Suggestions for designing effective sequencing experiments

Data generated from amplicon sequencing is inherently compositional and provides relative abundances, which are independent of the total microbial load of the original sample. It has been previously shown that analyzing compositional datasets with standard statistical techniques (including Pearson correlations or t tests on proportions) can lead to very high (up to 100%) false positive discovery rates (56, 57)⁠. The potential high false positive rates will undoubtedly lead any data set to present some correlations with microbiome data, which is, for the soil science, at an unprecedented rate given that microbiome data presents thousands of different individual variables. The possibility to obtain significant results, therefore, may also lead to an “abuse” of the statistical significance (also referred to “p hacking”). While exploratory analysis is useful, researchers should always remember that an effect or association does not exist just because it was statistically significant, and even more important is that inference should be scientific and not merely statistical. In recent years, the discussion around the abuse of p-values and their importance has risen (58–60)⁠, and some alternative options have been proposed (60)⁠, including the use of more stringent p-values for claims of new discoveries (61, 62)⁠. Clearly the issue is much more complicated than a simple critique to the p-value, but involves scientific research at all levels, including the publish or perish culture insinuated in academic fields, and therefore we address the reader to further explore this topic through the above-mentioned citations.
Nevertheless, the issue of generating false conclusions based on spurious correlation exists, which include the variability inherent in amplicon sequencing data. When adopting a “let’s sequence and see” approach, many correlations (including false positive) will be generated. Given that exploratory research often leads to follow-up research, increasing our confidence will reduce the chances of research born on unsubstantiated findings. Adopting a more stringent p-value threshold will reduce the false positive rate, at the cost of type II errors. In order to avoid this, if we wanted to adopt a more stringent p-value while maintaining statistical power, it was shown that a 70% increase in sample size has to be obtained. We understand that this is often unrealistic, but we also recognize that this could save future efforts born on unsubstantiated research. We focus more often on expanding the depth of analyses on the same few samples at the expense of replication.

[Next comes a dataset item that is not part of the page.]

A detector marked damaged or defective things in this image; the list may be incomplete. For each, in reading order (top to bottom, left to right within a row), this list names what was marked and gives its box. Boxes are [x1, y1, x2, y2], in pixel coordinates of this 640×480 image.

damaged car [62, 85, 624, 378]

Improving ecological insights from sequencing

Consequently, the majority of sequencing studies remain highly descriptive due to their design and the limitations of the nature of the data. Microbial ecology as a field should bridge microbiological isolation approaches and characterization of microbial communities, while reconciling the heterogeneity of soil systems in which microorganisms live. Recent studies are beginning to combine other forms of data with amplicon sequencing data to improve investigations of ecological patterns.
Combinations of amplicon sequencing and stable-isotope probing has also been used as a viable option to link microbial activity to microbial abundance (54)⁠.
Other researchers have combined sequencing approaches in order to improve inferences made from amplicon sequencing data (55)⁠.